Now, I know what at least a few of you are thinking. Here we’ve got an amp with a useful set of connections to hand but it then doesn’t have the bass management options of the Parasound HINT 6 (which does without the HDMI connection). Neither of these then have the EQ functionality of the NAD M10 (which is still probably the most ‘complete’ of arrivals to this nascent ‘Post AV’ category) so you will have to do with setting a crossover on the sub(s) if you are using a 2.1 system. With the exception of the now departed, Arcam SR250, no product has really tied all these things together but I suspect that was just a little ahead of its time. Once again though, here is another example of a product that is starting to consider the people stepping away from AV and what sort of product that they might be interested in.
As well as this specification, the Edge A differs from anything that Cambridge Audio has done before by dint of the aesthetics. As a piece of industrial design, it is very literally the cleanest of clean sheets with only the ‘ball’ logo retained from anything that has gone before. The fascia is dominated by the large single control. This is both the volume and input selection. Rotate the forward of the two bezels and the volume is adjusted, move the rearward one and you change input. At a stroke, it makes the Edge A incredibly minimalist. Even the Musical Fidelity M6 500i - which in complexity terms is about as straightforward as an integrated amp gets - has more controls than this.
It looks fantastic but there are some minor limitations. From my listening position, I can’t see the legend on the front panel so I’ve had to learn what lights pertain to what input.

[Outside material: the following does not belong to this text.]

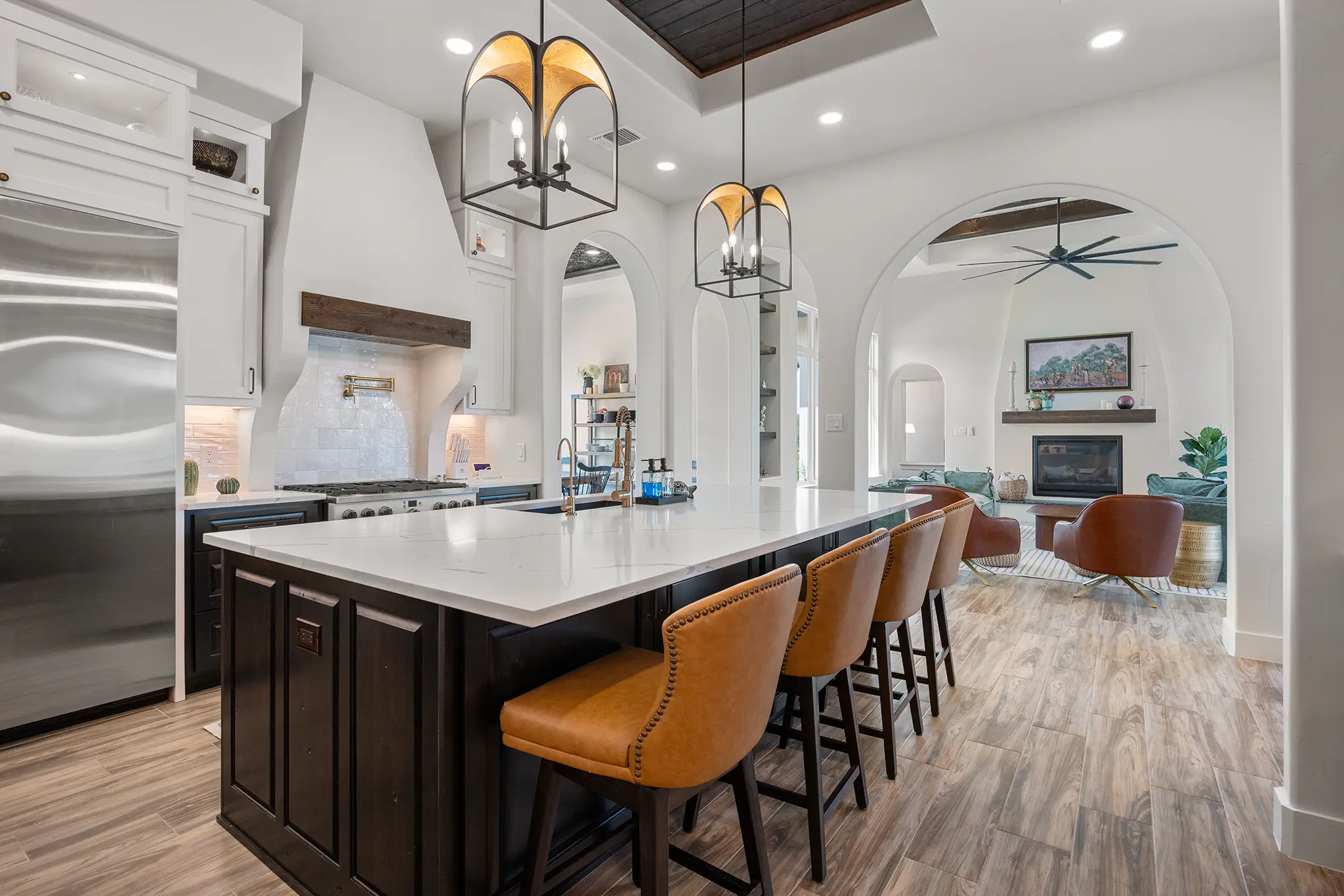 Gourmet kitchen with a large island, leather barstools, arched openings, custom cabinetry, and pendant lighting in a Mitchell Ranch custom home in Bulverde Texas.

There is also limited direct access for inputs so you have to cycle through them to get to where you want to be. It’s far from arduous but it is the sort of thing that results from trying to stick to a ‘vision’ of how a product should look. I do understand though because, viewed as a whole, the Edge looks absolutely fantastic and has a presence that even some rather more expensive rivals cannot touch. It’s beautifully made too, with a complete absence of visible fittings and fastenings helping to achieve a very premium look.
How was the Cambridge Audio Edge A Tested?
First up, that power figure. 100 watts is not a huge number in the context of some of the figures being banded about but it’s indisputably at the sort of point where, like Rolls Royce powerplants of old, it’s ‘sufficent.’ Beyond the numbers, there is a complete lack of strain to the way that the Edge A behaves that is very satisfying to spend time with. As noted in the review of the Focal Kanta, it is not an insensitive speaker but it does respond well to there being enough power to exert a feeling of control over it. Here the Edge A achieves this without breaking sweat.
Before the digital inputs see any action, using the Edge A purely as an amplifier with my turntable and phono stage as the source, the Cambridge Audio keeps the faith with the models of old. It’s admirably transparent, allowing the character of the turntable, arm and cartridge to take the lead in the presentation. Much of this stems from how admirably even the presentation is from top to bottom. If you’re looking for more excitement to be generated by the amp itself, this might not be the device for you but if the character is being induced elsewhere (and, as a handy hint, if you own a turntable, it is), the result is something that really does simply give voice to that character. Listening to Mazzy Star’s wonderful So Tonight that I Might See, the Edge is a glorious partner. It lets the record open out and envelope you in a way that means that if you happen to be trying to concentrate on anything else, you’ll have to admit defeat and keep listening.
Switching over to digital doesn’t radically change the behaviour of the Edge… but there are some intriguing differences. Such are the perils of reviewing things you think you understand that I had neglected to check what the Edge A was using for digital decoding as I had assumed it would be either a Wolfson or Analog Devices chipset because they were the go to devices for the company for many years. In fact, Cambridge Audio has now joined almost everyone else in using the ESS Sabre DAC for the digital board of the Edge A. It’s a good implementation too in that it doesn’t readily change the presentation of the amp as a whole. It’s still a refined and accurate performer but there’s enough energy there to keep things exciting. Revisiting the downtempo excellence of Deadly Avenger’s Deep Red, the Cambridge Audio sounds tight, controlled and punchy.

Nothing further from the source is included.